In the current 1948 Land Act, Section 58 requires a 20 metres coastal reserve, but allows this to be reduced to not less than 3 metres if the Minister of Conservation thinks such would be sufficient. (S 58 now repealed by Conservation Law Reform Act 1990).
So, in New Zealand, we have a situation where not even the (Department of Survey and Land Information) can tell with any precision just how much coastal reserve we have (nor even just how long our coastline is), and where successive Governments, Acts, regulations, and Administrations have given varying emphasis to the implementation of Queen Victoria’s Instructions to Governor Hobson.
But there can be no doubt, even in the minds of those who own land on the coast where the provision was omitted, that the omission was the exception, and that the general intention was, and still is, for all of us to have rights of access and passage along and above the water’s edge.
As the 1948 Act recognises, the continued (and continuous!) existence of the coastal reserve is what is important, and its width may well vary a great deal, and may depend on circumstances of topography, exposure, population numbers, etc, etc, but hopefully not just on the avarice of the adjacent landowner.

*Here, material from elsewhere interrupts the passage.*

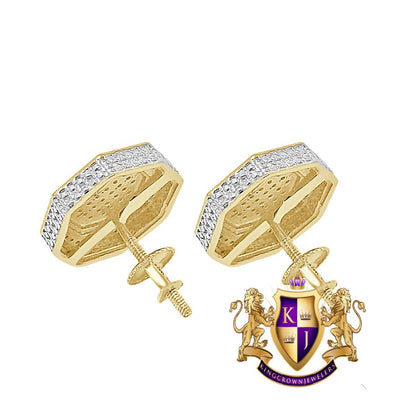 Unisex Real Genuine Authentic Diamond 0.33 Cwt. 10K Gold Finish 11 mm Screw Back 3D Stud Earrings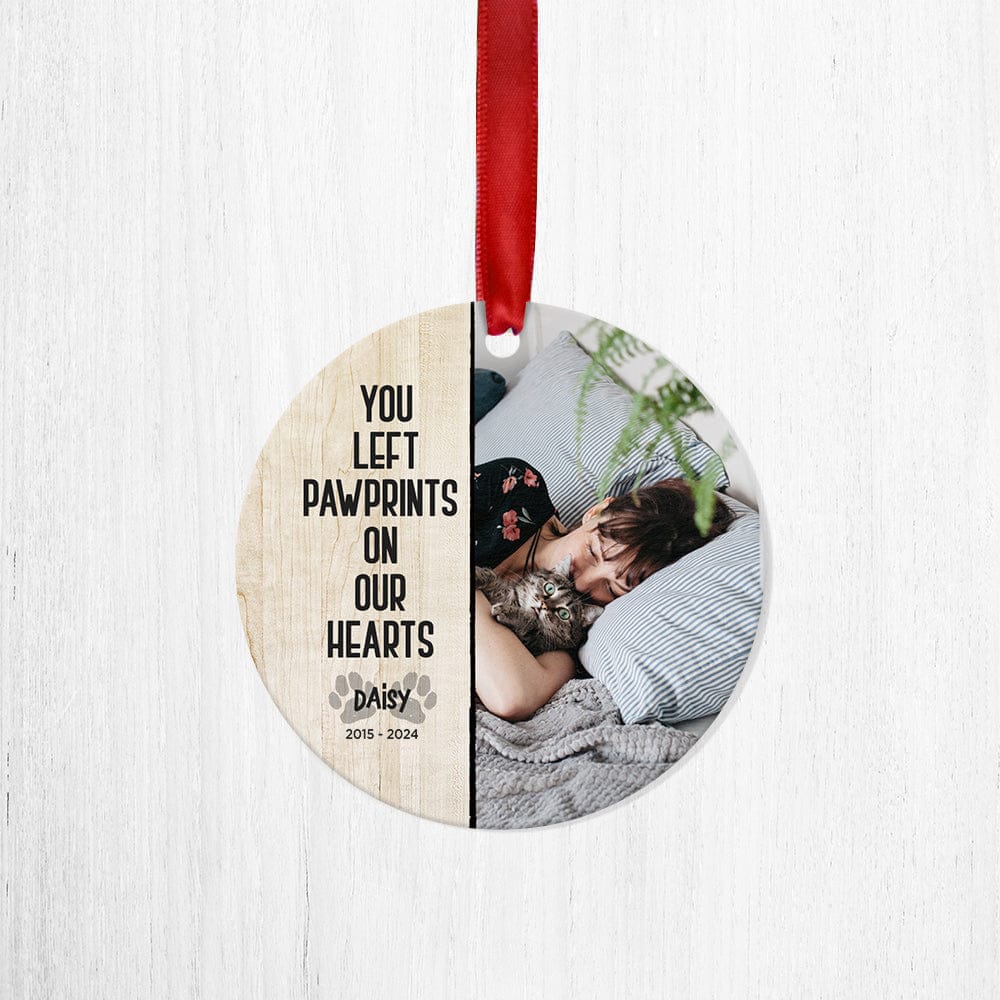 GeckoCustom Personalize Photo You Left Paw Prints On Our Hearts Dog Cat Wood Ornament DA199 HN590 4"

The fault lies not in the laws but in ourselves that we have crowded the coast, and the Queen’s Chain concept is as appropriate right now to the new idealism of environmental management as it was to the nineteenth century problems of land grabbing, coastal shipping by sail, river communication, and lack of roads, not to mention the idealism of at least some of those who had before them the squalor and injustices of industrial England as they attempted to frame legislation for a new very raw colony.
The One New Zealand Foundation believes this Bill must be amended to read:
The Crown must retain the Foreshore and Seabed in trust for all the people of New Zealand but any area that a group of New Zealand Citizens can prove to be of significant wahi tapu/sacred value must be respected by the public and protected by the Crown.